_Work required_
Please go line by line and repeat the data below exactly, with no images.

─── Dataset section

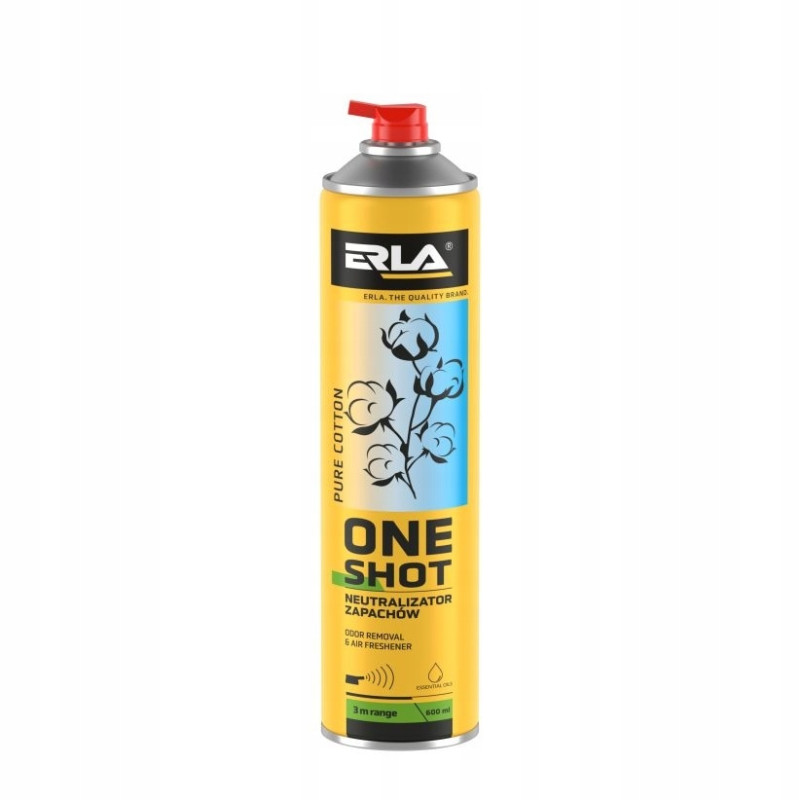 ERLA One shot Neutralizator zapachów odświeżacz pure cotton 600 ml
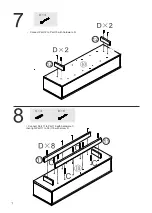 Предварительный просмотр 7 страницы Baxton Studio WI11250 Assembly Instructions Manual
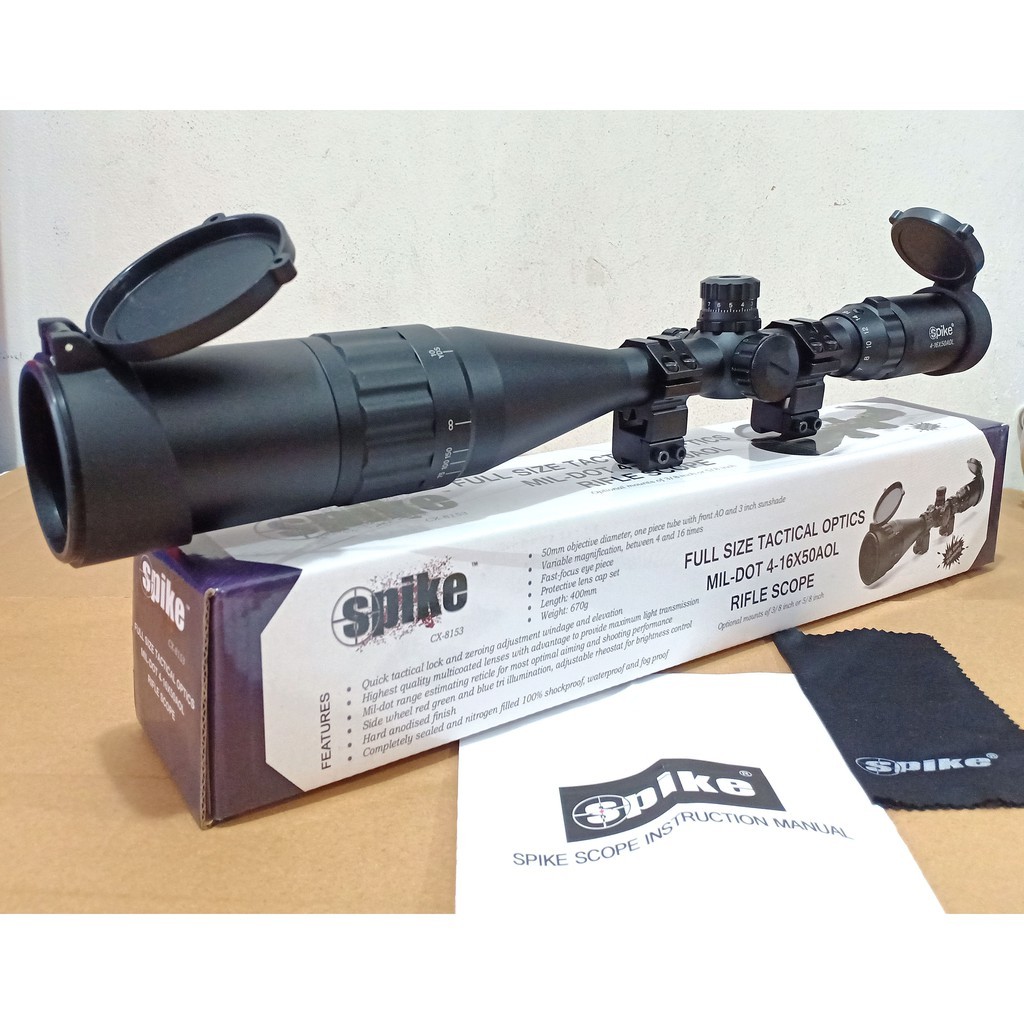 Teleskop Spike 4-16x50 AOL Anti Getar Zoom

──────

_Reply to the task_
 ERLA One shot Neutralizator zapachów odświeżacz pure cotton 600 ml
 Предварительный просмотр 7 страницы Baxton Studio WI11250 Assembly Instructions Manual
 Teleskop Spike 4-16x50 AOL Anti Getar Zoom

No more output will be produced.